Your goal
The entries are to be reproduced verbatim, and their pictures left out.

══════════

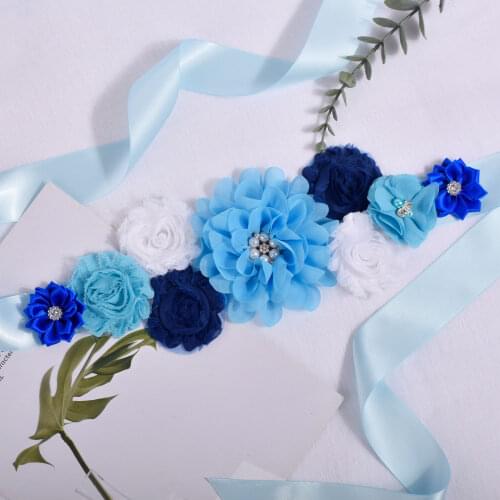 Purtulle Maternity Sash Women Blue Flower Sash Pregnancy Belly Belt Bridal Ribbon Cummerbunds Wedding Dress Waist Belt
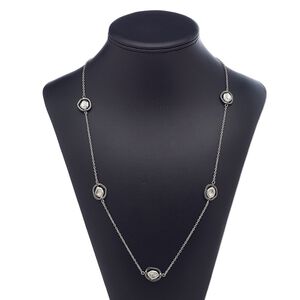 Necklace, gunmetal-plated "pewter" (zinc-based alloy) / silver-plated brass / steel / "pewter" (zinc-based alloy), 16x14mm open freeform oval with flat nugget, 36 inches with 3-inch extender chain and lobster claw clasp. Sold individually.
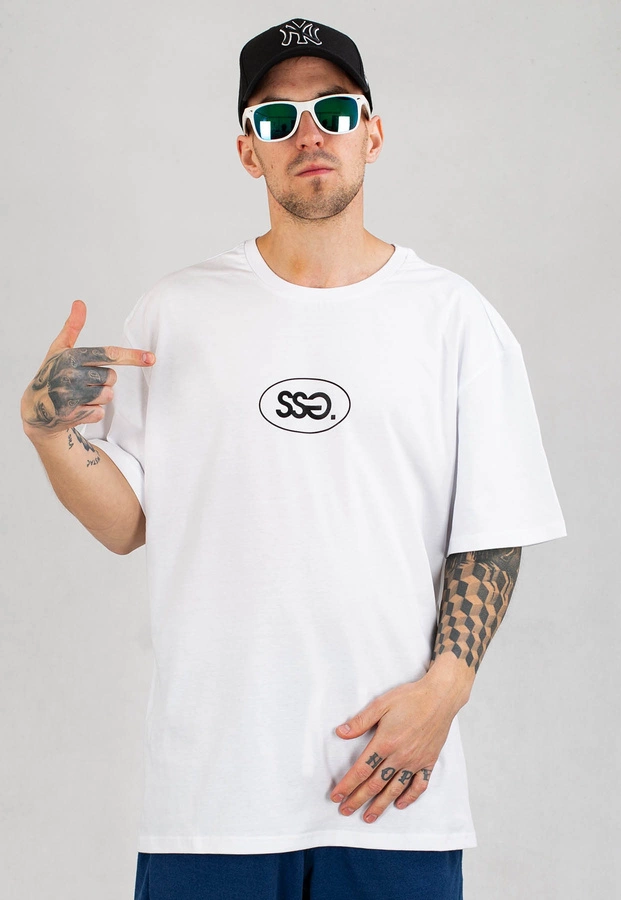 T-Shirt SSG Oval Frame Basic Logo biały
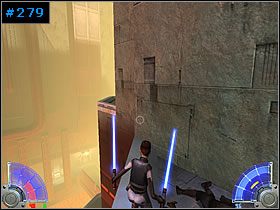 Po zwalczeniu kolejnych oponentów zorientujesz się, że dalszą drogę blokuje zerwany most - Wrogie instalacje - Taspir 3 | Kontynuacja | Star Wars Jedi Knight Jedi Academy - Star Wars Jedi Knight: Jedi Academy - poradnik do gry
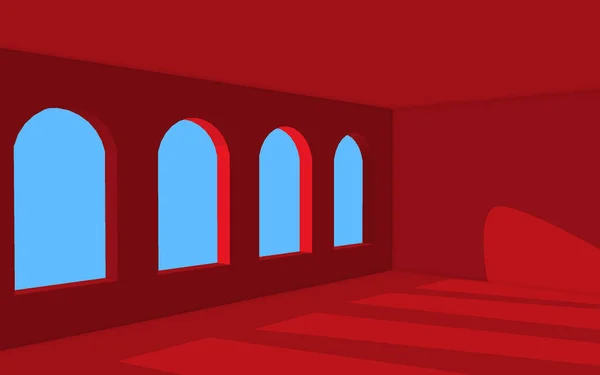 Lege rode kamer met venster en schaduwen vector illustratie. — Stockvector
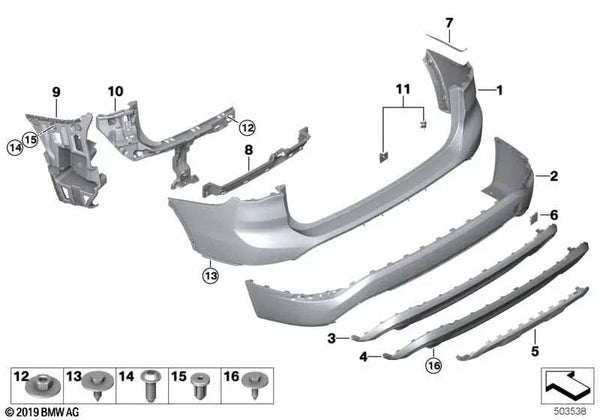 Revestimiento protector inferior trasero para BMW X1 F48N, F49N (OEM 51127954259). Original BMW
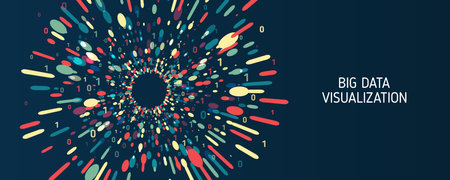 Abstract equalizer particles glowing waves background. Big data 3d technology concept. Futuristic infographic design.のイラスト素材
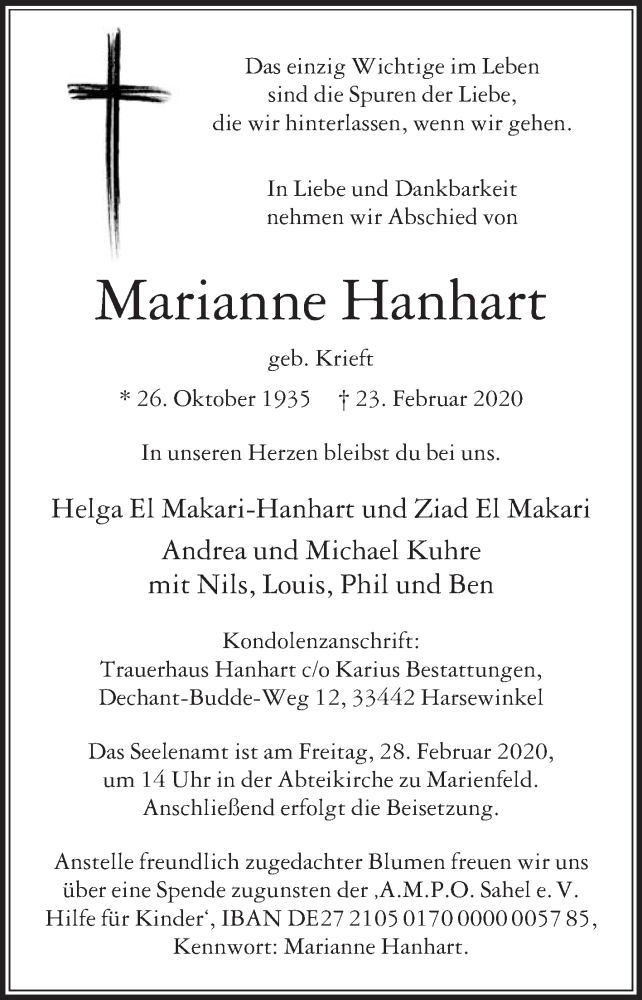  Traueranzeige für Marianne Hanhart vom 25.02.2020 aus Die Glocke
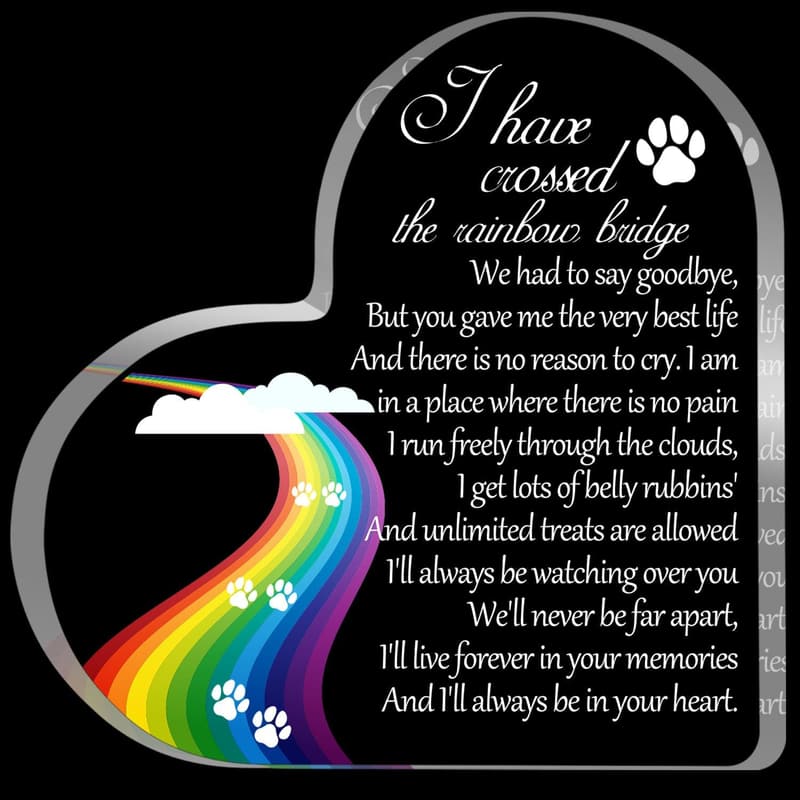 Pet Memorial Sympathy Gift - Acrylic Rainbow Bridge Keepsake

══════════

Answer to this task
 Purtulle Maternity Sash Women Blue Flower Sash Pregnancy Belly Belt Bridal Ribbon Cummerbunds Wedding Dress Waist Belt
 Necklace, gunmetal-plated "pewter" (zinc-based alloy) / silver-plated brass / steel / "pewter" (zinc-based alloy), 16x14mm open freeform oval with flat nugget, 36 inches with 3-inch extender chain and lobster claw clasp. Sold individually.
 T-Shirt SSG Oval Frame Basic Logo biały
 Po zwalczeniu kolejnych oponentów zorientujesz się, że dalszą drogę blokuje zerwany most - Wrogie instalacje - Taspir 3 | Kontynuacja | Star Wars Jedi Knight Jedi Academy - Star Wars Jedi Knight: Jedi Academy - poradnik do gry
 Lege rode kamer met venster en schaduwen vector illustratie. — Stockvector
 Revestimiento protector inferior trasero para BMW X1 F48N, F49N (OEM 51127954259). Original BMW
 Abstract equalizer particles glowing waves background. Big data 3d technology concept. Futuristic infographic design.のイラスト素材
  Traueranzeige für Marianne Hanhart vom 25.02.2020 aus Die Glocke
 Pet Memorial Sympathy Gift - Acrylic Rainbow Bridge Keepsake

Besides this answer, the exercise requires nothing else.